Lirih Asa

Oleh: Siti Atikah

“Bu, Diana (nama samaran, ya) minggu kemarin nikah. Lo tau nggak?” ucap Nisa, sahabat sekaligus rekan kerjaku di sekolah lewat pesan WhatsAppnya pada suatu pagi. “Suaminya yang sekarang duda ditinggal meninggal, punya satu anak perempuan seumuran sama anaknya” lanjut Nisa.

Kubalas pesannya dengan mengiyakan berita tersebut karena memang sejak sebulan terakhir, aku melihat feed IG Diana, rekan kerja kami di sekolah, yang beberapa kali memperlihatkan momen bahagia itu. Kabar serupa juga datang beberapa waktu sebelumnya dari mantan rekan kerja kami yang lain. Kami ikut bahagia meskipun hanya bisa memberi ucapan selamat via kolom komentar di feed IG yang ia unggah mengenai hari pernikahannya.

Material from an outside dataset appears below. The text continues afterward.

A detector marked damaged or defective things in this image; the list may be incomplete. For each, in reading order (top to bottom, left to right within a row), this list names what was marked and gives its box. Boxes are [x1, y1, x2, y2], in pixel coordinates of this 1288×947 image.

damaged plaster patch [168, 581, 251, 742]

Yaa, betapa kami senang mendengar dua rekan kami setelah sekian lama menjadi single mom akhirnya menemukan pendamping hidup dan ayah bagi anak mereka. Memiliki keluarga lengkap adalah salah satu anugerah yang layak mereka dapatkan dan saya sungguh terharu sekaligus bahagia untuk mereka. Time has paid all their sorrows beautifully karena menjadi single mom itu tidak mudah. Saya tahu persis bagaimana rasanya because I’m one of them and still going on.

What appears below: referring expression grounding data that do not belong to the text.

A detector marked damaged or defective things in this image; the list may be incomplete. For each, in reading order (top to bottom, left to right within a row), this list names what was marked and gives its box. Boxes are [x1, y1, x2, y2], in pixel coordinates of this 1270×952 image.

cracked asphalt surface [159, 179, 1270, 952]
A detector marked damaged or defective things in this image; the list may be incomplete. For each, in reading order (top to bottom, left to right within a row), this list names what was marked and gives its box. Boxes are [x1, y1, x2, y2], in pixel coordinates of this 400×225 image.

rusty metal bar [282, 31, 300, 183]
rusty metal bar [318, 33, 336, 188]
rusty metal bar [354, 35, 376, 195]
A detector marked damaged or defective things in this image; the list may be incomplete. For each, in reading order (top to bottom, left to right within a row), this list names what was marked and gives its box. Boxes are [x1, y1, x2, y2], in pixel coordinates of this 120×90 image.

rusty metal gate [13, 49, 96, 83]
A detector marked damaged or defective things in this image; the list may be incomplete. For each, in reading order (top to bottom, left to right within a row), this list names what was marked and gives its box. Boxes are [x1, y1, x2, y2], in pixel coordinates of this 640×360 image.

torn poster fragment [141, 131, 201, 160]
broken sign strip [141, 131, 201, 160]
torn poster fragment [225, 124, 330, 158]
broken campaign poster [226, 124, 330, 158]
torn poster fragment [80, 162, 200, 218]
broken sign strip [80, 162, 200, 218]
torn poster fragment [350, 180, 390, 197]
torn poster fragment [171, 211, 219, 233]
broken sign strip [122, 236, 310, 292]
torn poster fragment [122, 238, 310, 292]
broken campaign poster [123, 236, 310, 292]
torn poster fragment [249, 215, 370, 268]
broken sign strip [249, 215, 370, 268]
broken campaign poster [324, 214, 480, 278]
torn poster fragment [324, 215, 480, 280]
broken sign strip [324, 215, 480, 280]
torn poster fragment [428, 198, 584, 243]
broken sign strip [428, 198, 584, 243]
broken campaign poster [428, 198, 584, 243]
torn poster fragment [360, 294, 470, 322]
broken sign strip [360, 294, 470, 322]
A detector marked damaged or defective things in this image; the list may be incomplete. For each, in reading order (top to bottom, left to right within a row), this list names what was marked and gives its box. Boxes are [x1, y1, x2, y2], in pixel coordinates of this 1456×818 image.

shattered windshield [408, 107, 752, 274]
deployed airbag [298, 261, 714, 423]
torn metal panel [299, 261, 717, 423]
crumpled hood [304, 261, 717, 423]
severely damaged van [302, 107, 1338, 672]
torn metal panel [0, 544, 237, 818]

Being a single mom di Indonesia berat, loh. Terutama karena stigma yang melekat dan kerap dijadikan olok-olok oleh masyarakatnya, yang tak lain dari kata “janda” itu sendiri. Entah apa awal historinya sehingga kata tersebut menjadi stigma yang menakutkan bagi para wanita yang karena pilihan, takdir, dan berbagai kondisi lainnya sehingga membawa jalan hidup mereka menjadi janda. Memang tak menutup mata bahwa ada sebagian oknum yang melakukan perilaku dan tindakan negatif dengan statusnya tersebut. Namun, sayangnya imbas dari apa yang dilakukan sebagian oknum tersebut menjadi stigma tanpa ujung bagi seluruh wanita yang berstatus janda di negeri ini, tanpa terkecuali.

Pernah terbayangkah oleh kalian bagaimana efeknya bagi psikis kami harus menerima stigma tersebut padahal kami menjadi janda karena suami meninggal, atau karena diselingkuhi, dan bahkan karena mengalami kekerasan dalam rumah tangga? Padahal kami selama menjadi janda harus bekerja keras dengan jalan halal demi anak-anak atau anggota keluarga yang harus dinafkahi. Pernahkah sedikit saja kalian berpikir ketika melontarkan candaan dengan kata “janda” bisa jadi akan menghancurkan psikis kami yang sudah kelelahan bertahan demi keluarga tercinta? Pernahkah?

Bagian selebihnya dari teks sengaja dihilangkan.